(What needs to be done): The output should be the listing below, limited to the lines from the one with "-老作坊2005(福源小区店)" through the one with "Joyroom Hot Sale", exact and without pictures.

(Task material):
*** Begin section ***

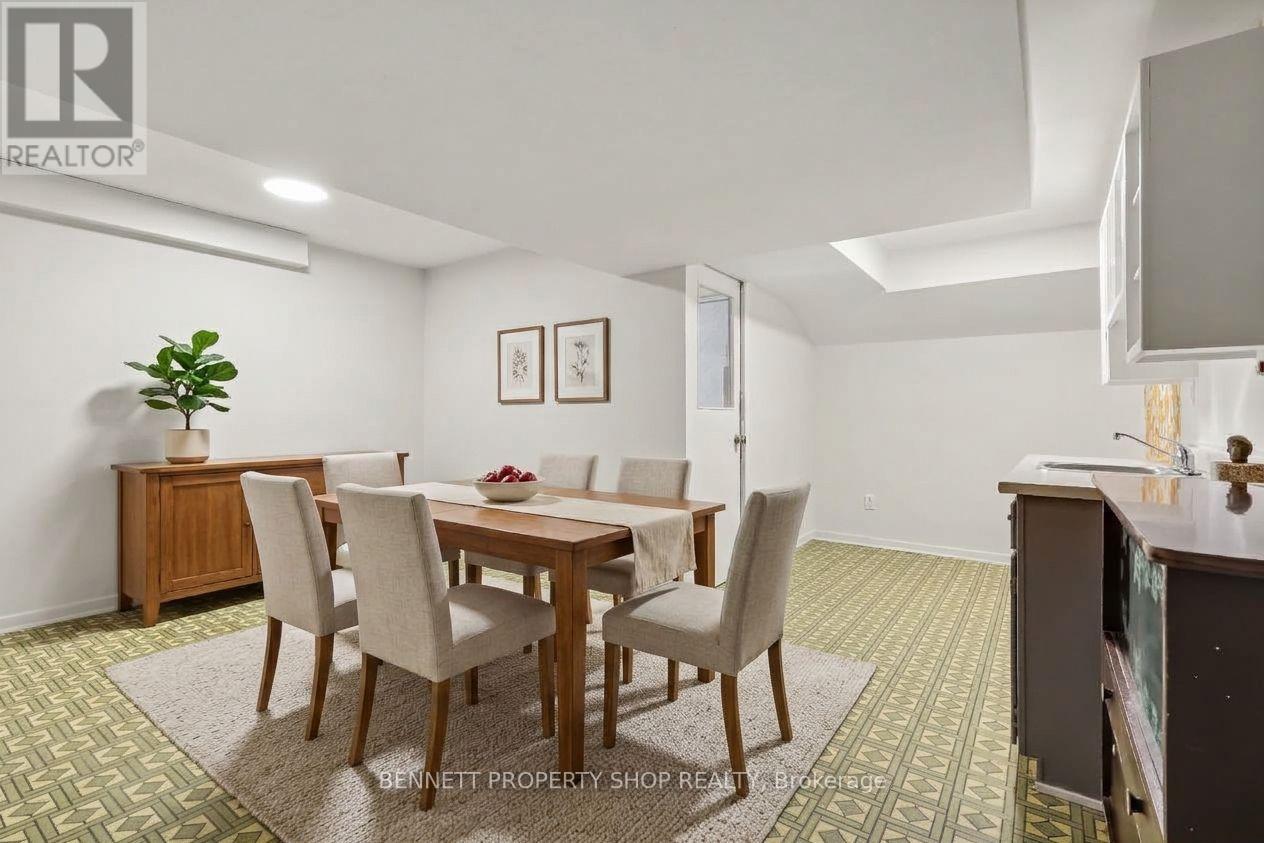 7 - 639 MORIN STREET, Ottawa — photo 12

*** End section ***
*** Begin section ***

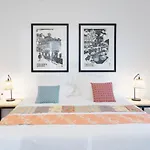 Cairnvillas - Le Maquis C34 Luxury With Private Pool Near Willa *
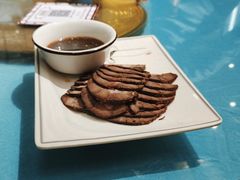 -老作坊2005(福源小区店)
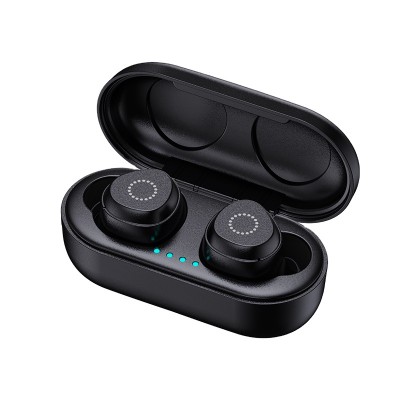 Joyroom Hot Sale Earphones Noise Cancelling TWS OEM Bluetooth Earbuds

*** End section ***

(Written reply):
 -老作坊2005(福源小区店)
 Joyroom Hot Sale Earphones Noise Cancelling TWS OEM Bluetooth Earbuds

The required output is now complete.